[ORGANIC ELECTRO] When we last checked in with Portland
duo Deelay Ceelay, Chris Lael Larson and Delaney Kelly had placed third
in WW’s 2010 Best New Band poll and hit the road on a national tour with Starfucker. Shortly afterward, Deelay Ceelay disappeared.
“During that 10
months it was hard to turn down good shows,” Larson says. “And part of
me thought, ‘How many will we turn down before people stop asking?’
Whether we verbalized it or not, it was a concern: Is 10 months enough
time for a local band to be forgotten?” It’s a reasonable question:
Portland music moves fast, and the two-drummer electro outfit—with only a
four-song EP to its name until this week’s release of debut full-length Sunset Drumsets—moves awfully slowly.
There are a host of
reasons for the band’s molasses-style release schedule (day jobs, studio
indecision, life), but the real culprit is that Deelay Ceelay isn’t a
band at all. In concert, it’s a very sophisticated A/V experiment, and
Larson’s elaborate video projections—with their hand-shot, acid-trip
fractal explosions, organic patterns and DayGlo dancers—take time to
produce. “I used to spend up to three months on them,” says Larson, who
is responsible for those video duties. He has since learned to expedite
the process by removing narrative from the videos and enlisting the help
of local dancers. Still, it’s a process: “It changes every time. The
same way I wouldn’t want us to write the same song twice, I try not to
recycle any visual devices, which is hard.”
After seeing the inspiring, energetic live show, any Deelay Ceelay recording feels a touch incomplete. But Sunset Drumsets,
like its title, is an effort strong and cinematic enough to stand on
its own. Songs like the punchy, robotic “Little Whispers” and the
squealing “Slow Rain”—both uplifting and elastic tunes that add a hint
of post-rock drama to Starfucker-style live electronica—seem to contain
wordless narrative arcs all their own. The album is a moody, complete
work from a wholly DIY band still seeking its comfort level with
collaborators and deciding where to go from here (it enlisted mastering
help from busy Portlander Jeff Stuart Saltzman, which contributed to the
band’s long hiatus).
The arc of many
recent Portland electronic projects—from Guidance Counselor to YACHT—has
been their steady expansion from minimalist laptop projects to full-on
bands, and that’s something Deelay Ceelay hasn’t ruled out. “I’m
certainly open to it, but we can barely get the two of us organized to
practice,” says Larson. “And I am also tied up in the symmetry we have
onstage—if we get one bass player, we kind of have to get two bass
players. Which is completely absurd.”
If it isn’t broke,
Deelay Ceelay probably shouldn’t fix its approach to live music. While
some showgoers are uncomfortable with the majority of the duo’s sound
coming from pre-recorded tracks, the simplicity of the arrangement and
constant onstage movement are still what makes the band tick.
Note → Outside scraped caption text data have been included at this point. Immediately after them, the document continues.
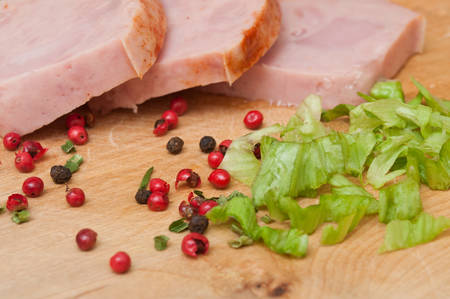 roasted turkey sliced on wooden backgroundの写真素材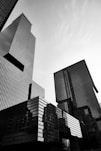 a black and white photo of skyscrapers in a city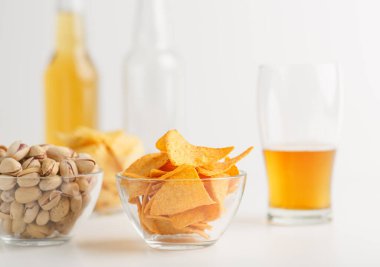Lezzetli atıştırmalıklar. Şam fıstığı ve cam kaselerde nachos, bardakta parlak bira, boş şişe ve dolu şişe.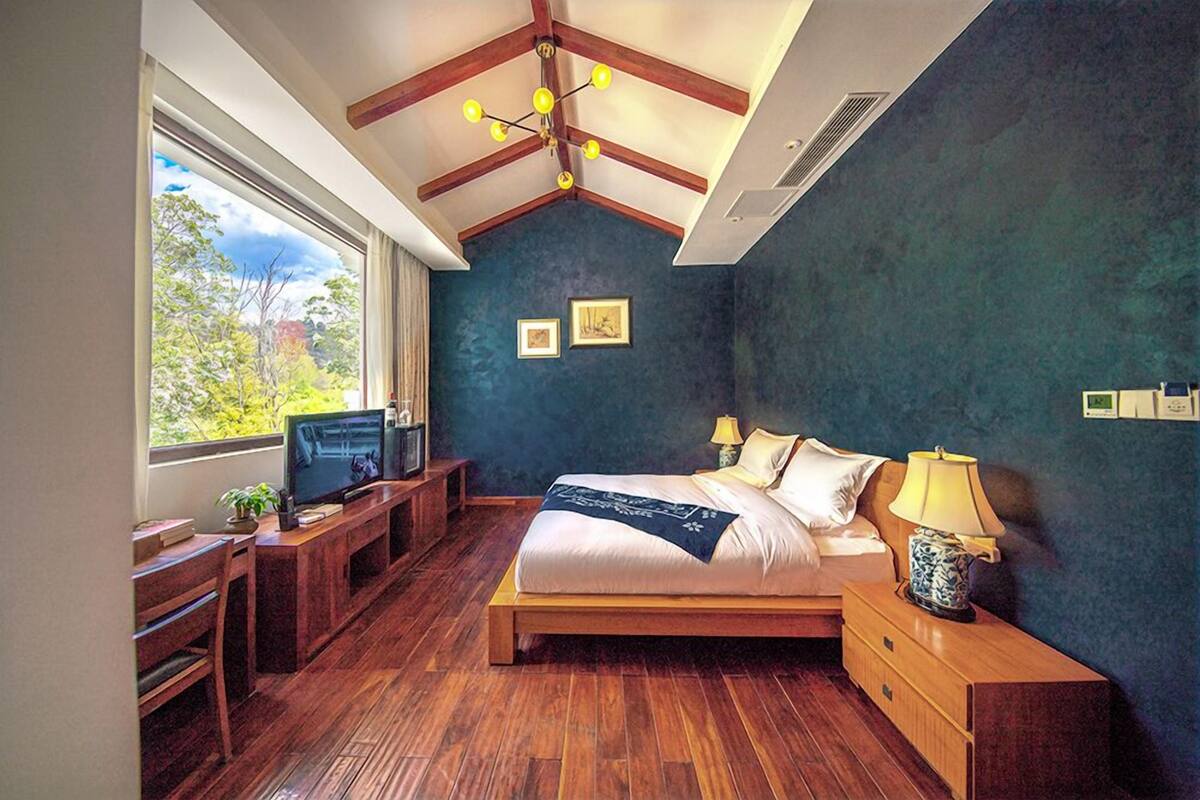 A bedroom with a large bed, wooden furniture, a desk, and a TV.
Besides,
we wouldn’t want to lose Deelay Ceelay again. “The last few months have
been excruciating,” Larson says, adding that the band ignored label
interest in order to get its new album out as quickly as possible. “In
order to be a living, evolving thing, we have to be playing.” CASEY
JARMAN.
SEE IT: Deelay Ceelay plays Saturday, Aug. 6, at Doug Fir. 9 pm. $5, includes a copy of the new album. 21+.